En 1994, Philip, décédé ce vendredi, s'était rendu en Israël, se recueillant sur la tombe de sa mère, Juste parmi les nations, enterrée sur le mont des Oliviers à Jérusalem

Le prince Philip de Grande-Bretagne, le duc d'Édimbourg, salue alors qu'il observe les troupes devant le palais de Buckingham après le défilé de l'anniversaire de la reine à Londres, le 16 juin 2012. (Crédit : LEON NEAL / AFP)
Le prince Philip de Grande-Bretagne, le duc d'Édimbourg, salue alors qu'il observe les troupes devant le palais de Buckingham après le défilé de l'anniversaire de la reine à Londres, le 16 juin 2012. (Crédit : LEON NEAL / AFP)

Deux pas en retrait, il a fidèlement accompagné la reine Elizabeth pendant plus de 73 ans.
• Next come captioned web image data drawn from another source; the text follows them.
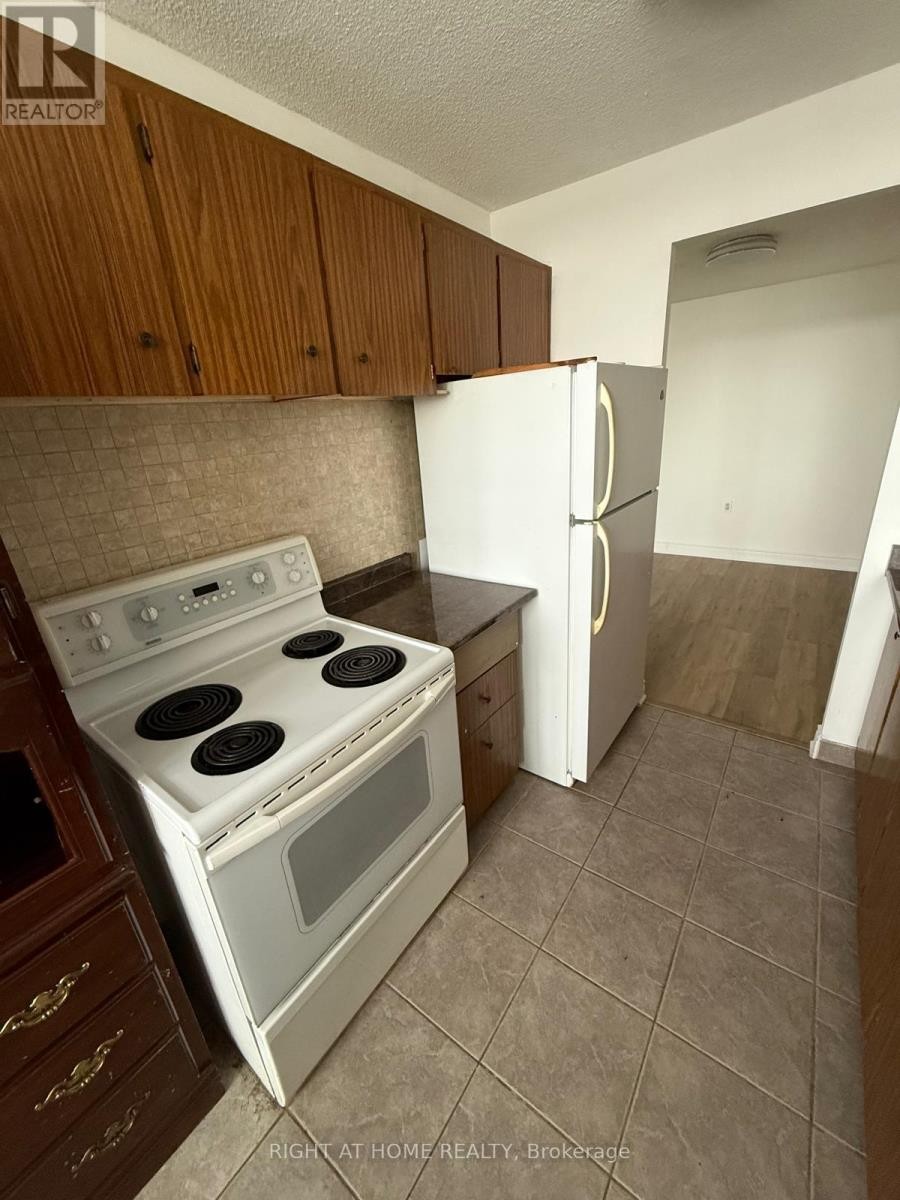 












707 - 18 KNIGHTSBRIDGE ROAD

,
Brampton (Queen Street Corridor),




Ontario
L6T3X5

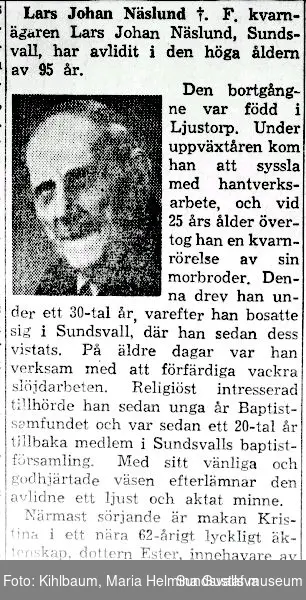Dödsannons och dödsruna på mjölnaren Lars Johan Näslund, Öppom, Ljustorp. Far till fotograf Ester Näslund. Han var en skicklig amatörfotograf. Intresset väcktes när han var sängliggande efter en olycka 1908. 
Han skulle gjuta en jordkällare och när han stod högst uppe på kullen och med en ösa skulle kasta sand ner i cementblandaren, råkade han tappa balansen och föll så illa att något gick snett i ryggraden. Han fick ta sig hem på alla fyra. Han blev sängliggande i tre år. Tiden av ofrivillig passivitet blev tungsamt lång för kraftkarlen Lars Johan.  När det kändes som värst  kom dock hans vän pastorn på besök och hade en kamera med sig. Nu dröjde det inte länge förrän Lars Johan  kunde rehabilitera sig. Han ordnade t o m mörkrum i källaren och kunde snart åka in till stan för att skaffa fotomaterial.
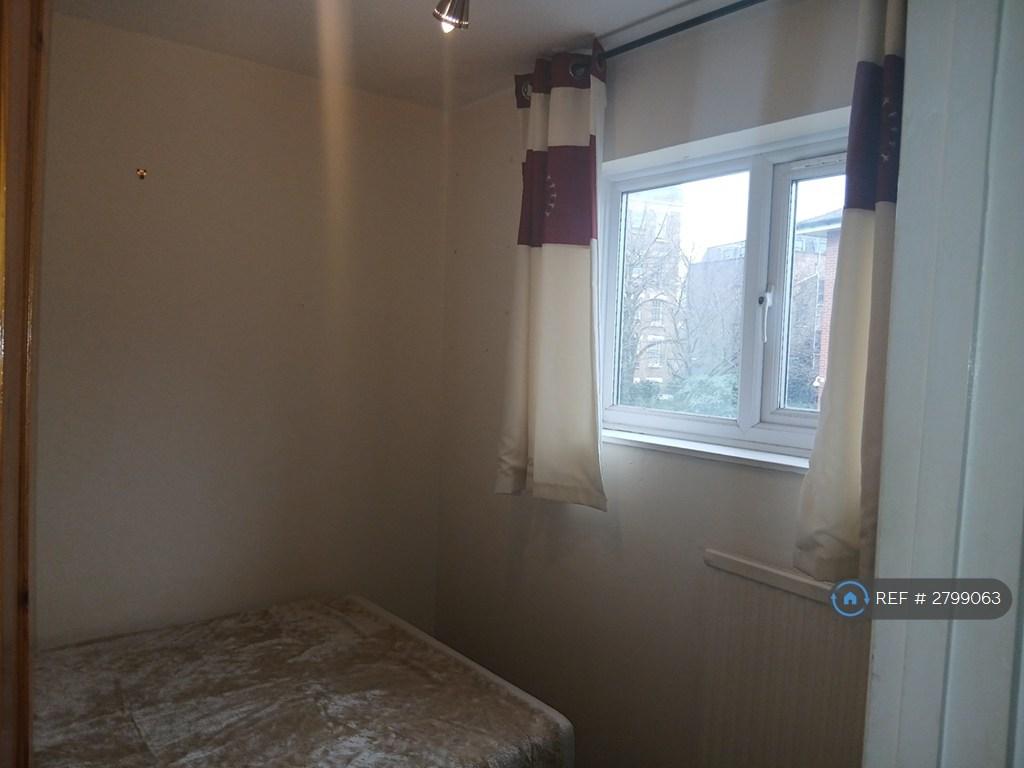 Bedroom 1 (Smallest)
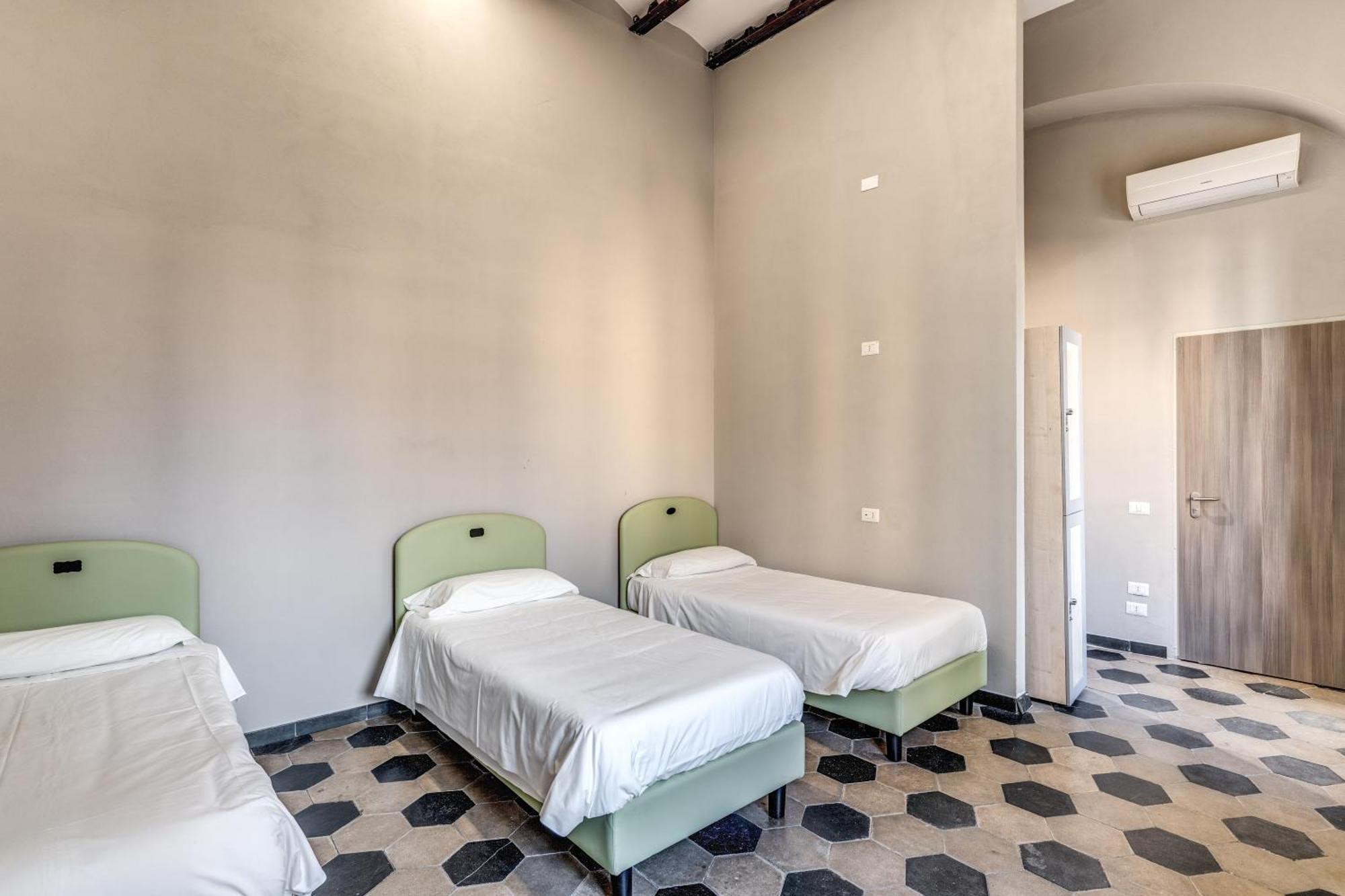 Hostel Borgo Ripa Urban Travel Rzym Zewnętrze zdjęcie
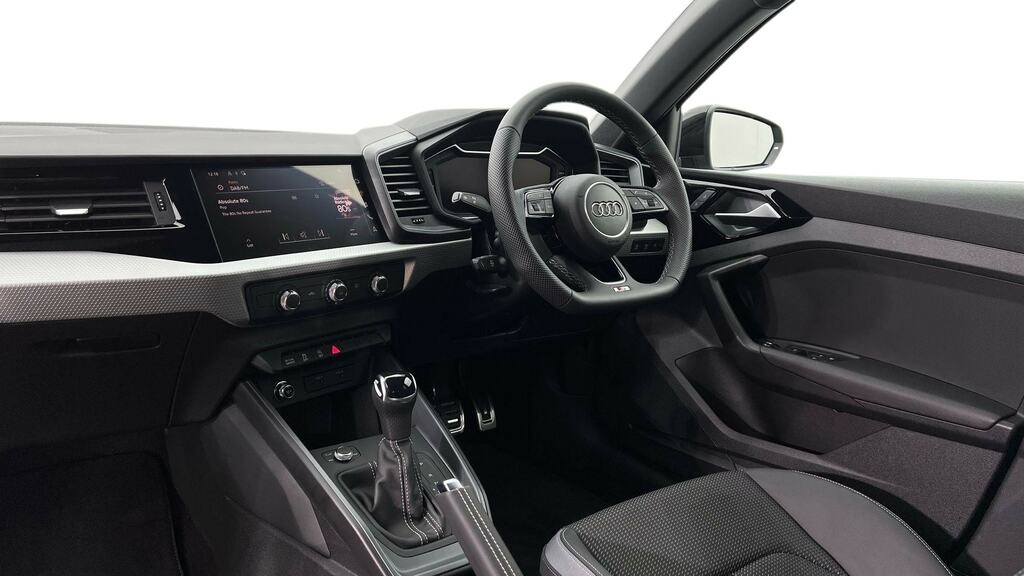 Audi A1 35 Tfsi Black Edition S Tronic FP26WKL Grey #2
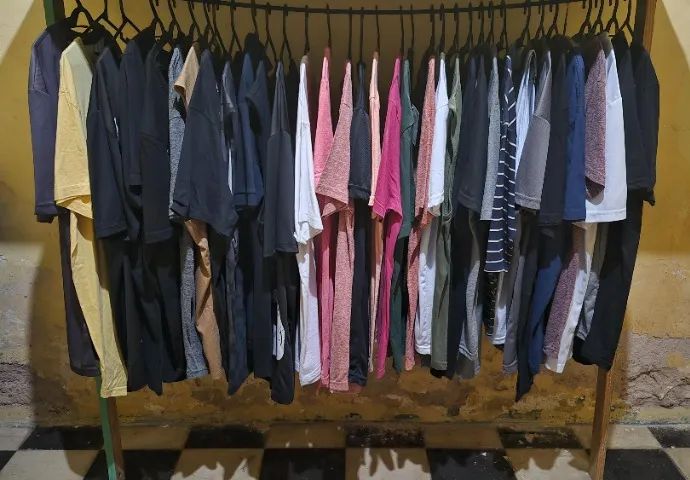  ROUPAS PRA BRECHÓ LOTES COM 155 PEÇAS  - Foto 2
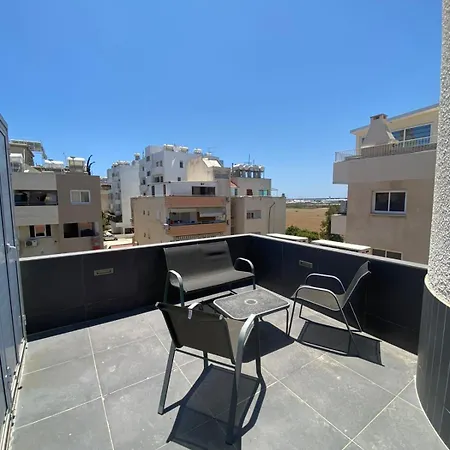 Holiday home Makenzy Star 2bd Duplex Aglantzia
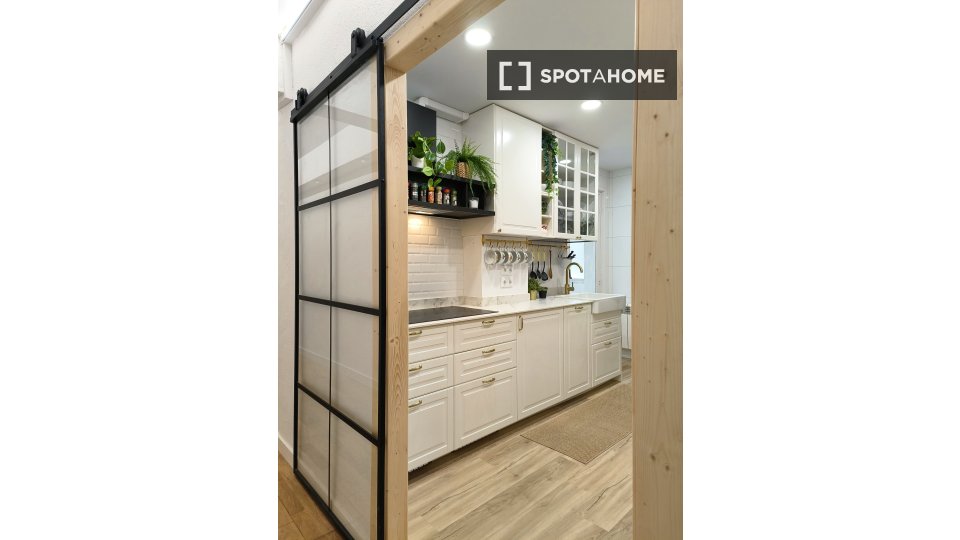 Apartment Pamplona, 5 beds, 124m² — photo 12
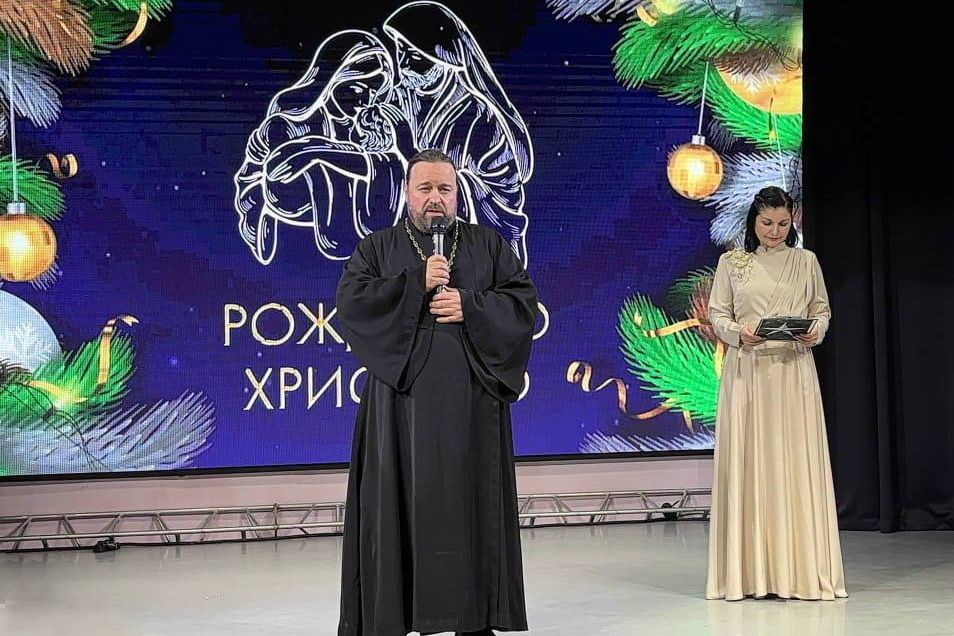 Протоиерей Лев Калачиков посетил Рождественский концерт в п. Пограничный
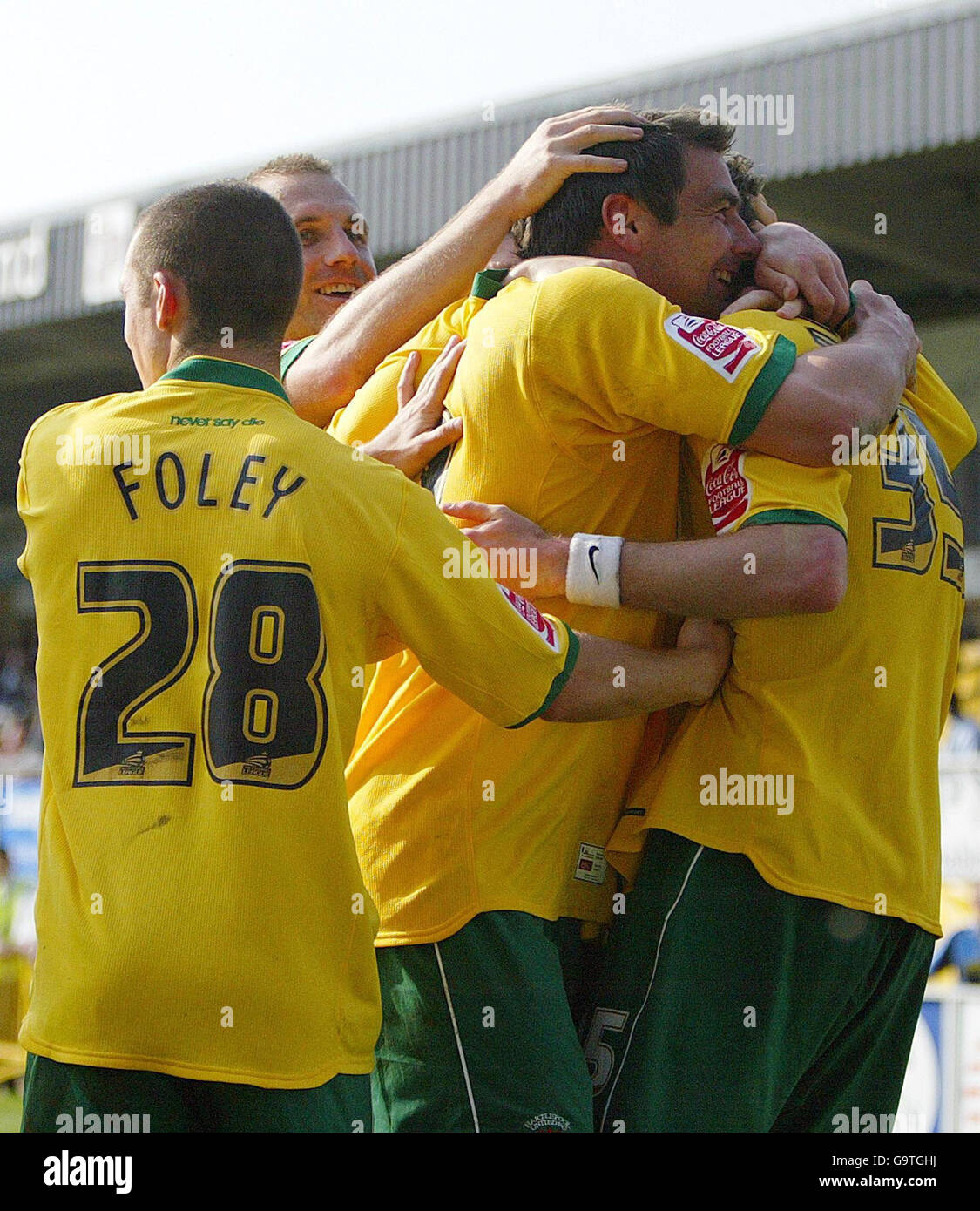 Hartlepool United celebra la vittoria del 1-0 su Wycombe e assicura la loro promozione durante la partita della Coca-Cola Football League Two al Causeway Stadium, High Wycombe. Foto Stock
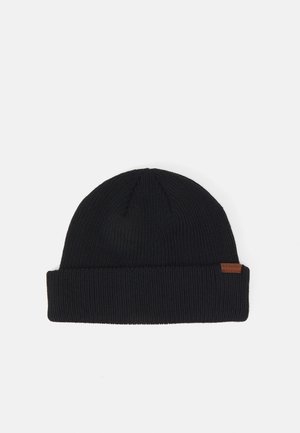 Gorro de malha preto com aba dobrada, apresentando uma etiqueta de couro na lateral. Feito de material canelado, oferecendo uma superfície texturizada.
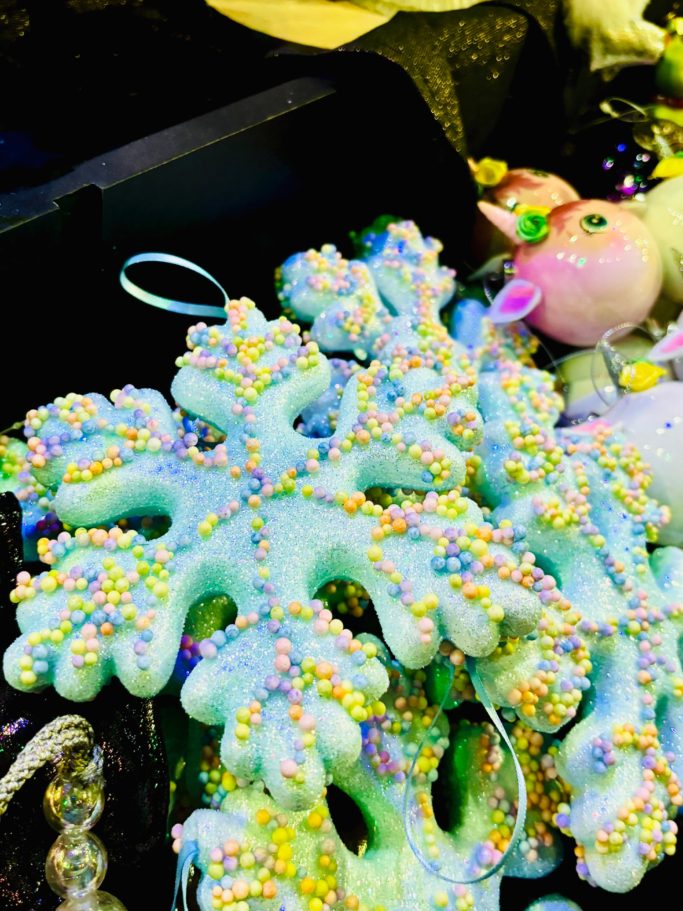 „Bunte Weihnachtsdeko – BSix® Conceptstore“ „Bunte Winterkekse und pastellfarbene Dekoration im weihnachtlichen BSix® Schaufenster.“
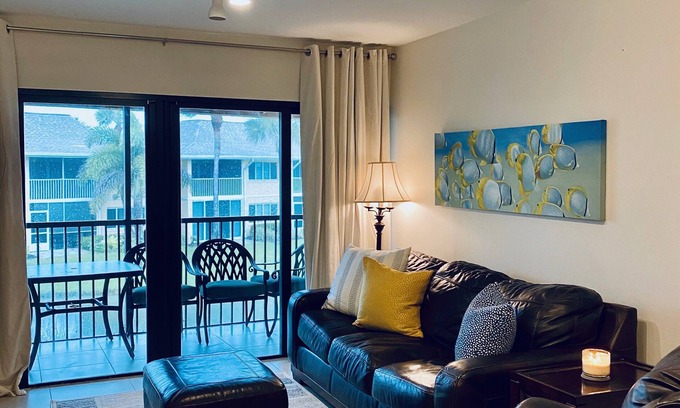 Fort Pierce Condo | ❤️❤️Newly Renovated second floor Unit in Ocean Villas III with KING Bed❤️❤️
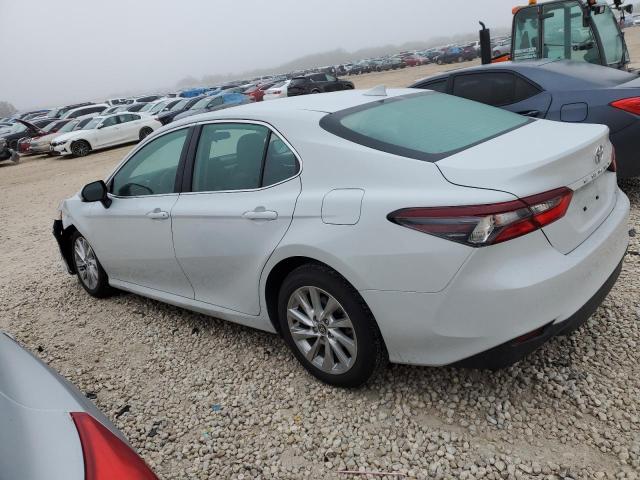 Photo 1 VIN: 4T1C11AK3PU132152 - TOYOTA CAMRY 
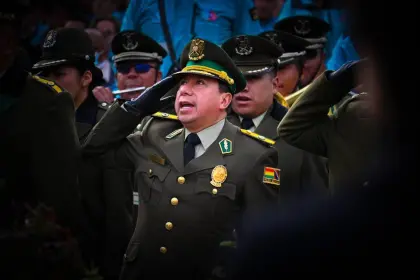 Mediante decreto, Paz destituye al Inspector General de la Policía y designa a un interino 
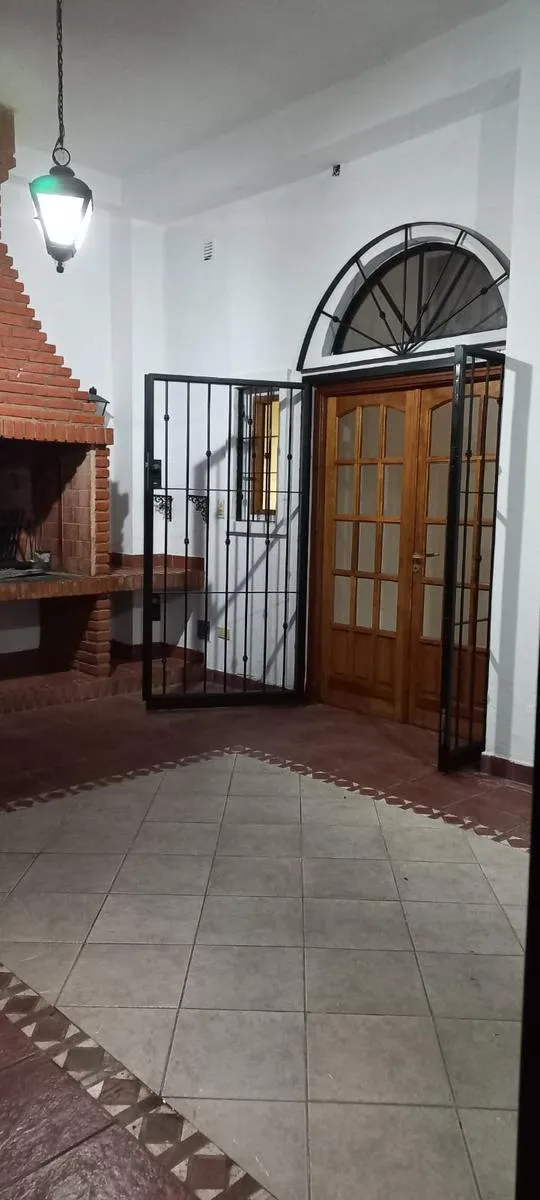 Casa en Artigas al 400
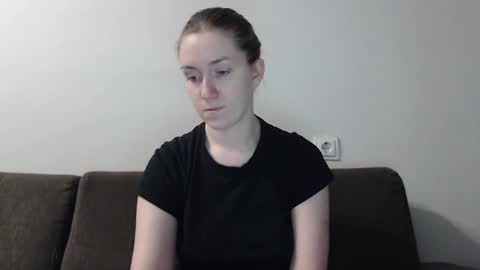 Snapshot of lily_love_x chatting on 02-06-25, 03:48 lily_love_x online show from 02-06-25, 03:48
Loin de s’effacer, le prince Philip, décédé vendredi peu avant son centième anniversaire, était resté impétueux, malgré le sacrifice de sa carrière et les lourdeurs du protocole.

Le duc d’Edimbourg, grand amour de la souveraine, s’est éteint « paisiblement » au château de Windsor, quelques semaines seulement après une hospitalisation d’un mois à Londres pour une infection et un problème cardiaque préexistant. 

« Mon premier, second et ultime emploi est de ne jamais laisser tomber la reine », avait-il expliqué à son secrétaire particulier, Michael Parker, juste après son mariage, en 1947.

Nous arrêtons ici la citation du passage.